Before I explain the detailed provisions of the Bill, I will give the House a brief account of developments in the natural gas industry in Ireland. Since its establishment in 1976, BGE has achieved significant progress in developing the natural gas industry. It built an interconnector with Scotland in 1993 to augment supplies from Kinsale. BGE now supplies natural gas to over 300,000 homes and has over 10,000 industrial and commercial customers. Natural gas now meets around a quarter of our total primary energy requirements.
Natural gas has also come to play an increasingly important role in electricity generation in recent years. Last year over 30% of electricity generating capacity in the State was fuelled by natural gas. This reflects trends at European and global levels. Natural gas is now the fuel of choice for power generation and has significant efficiency and environmental advantages.
The natural gas industry is undergoing a significant period of change, not only at national level but at European level. The EU gas directive, adopted in 1998, requires gas market opening to be introduced on a phased basis over a period of ten years up to 2008.
Ireland already exceeds the market opening requirements of the EU Directive. Under the Energy (Miscellaneous Provisions) Act, 1995, large gas consumers may buy their gas from suppliers other than BGE and have it transported through BGE's network on their behalf. This means that in volume terms more than 75% of Ireland's market is opened. A number of large companies are currently sourcing some of their gas from outside the State and importing it through the interconnector. I am currently reviewing the pricing arrangements for third party access to the gas network and I expect to have this finalised in the near future.
One of the issues being dealt with in this Bill, a scheme to allocate scarce capacity in the natural gas network, is a very pressing matter and I will outline to the House the background to this issue. Existing indigenous reserves of natural gas in Kinsale are declining and the interconnector with Scotland is nearing full capacity some ten years sooner than had been anticipated owing to faster than expected growth in demand. This growth in demand is a function of our economic success and the opening of the electricity market.

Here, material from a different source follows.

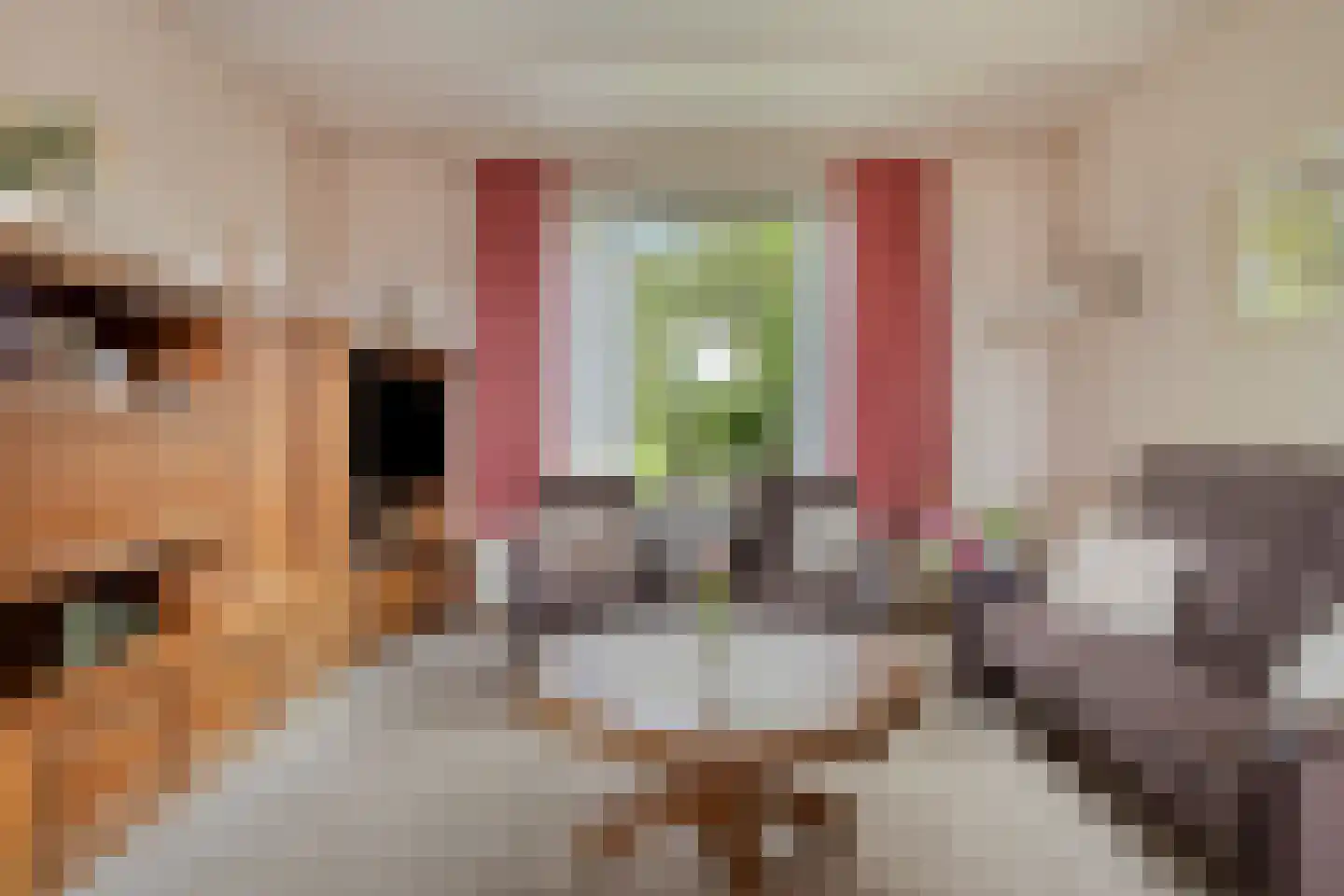 Goormatenweg 32 Overdinkel thumbnail 9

Against this background, my Department and BGE undertook a major study – Gas 2025 – to examine future natural gas infrastructural requirements. This study made a number of recommendations regarding future gas supply options and considered that the optimal solution would be to construct a second natural gas interconnector, parallel to the existing interconnector with Scotland. This option was endorsed by independent economic consultants. They recommended, however, that we wait and see the outcome of the exploration of the Corrib gas field off the west coast before deciding on future gas supply infrastructure. The Corrib partners will make a decision later this year on the commercial development of the field.
There are also other parties interested in building gas supply pipes, one from Belfast and one from Wales.
It is expected that the capacity in the natural gas network will be sufficient to meet final demand until 2003. If one or other of the private developers is not committed to building the necessary infrastructure by the end of this year at the very latest, to cater for demand beyond 2003, I will approve the building of a second interconnector by BGE. This will allow sufficient time for new supply infrastructure to be in place to meet anticipated demand.
I want to turn briefly to developments in the newly opened electricity market, which are impacting on the gas market. In anticipation of the opening of the electricity market to competition in February this year, a number of companies wishing to enter the market approached BGE last year to book capacity in the network to carry gas to fuel their proposed power plants. The applications for capacity, which were received by BGE, exceed to a significant extent the capacity that will be available in the network in the medium term.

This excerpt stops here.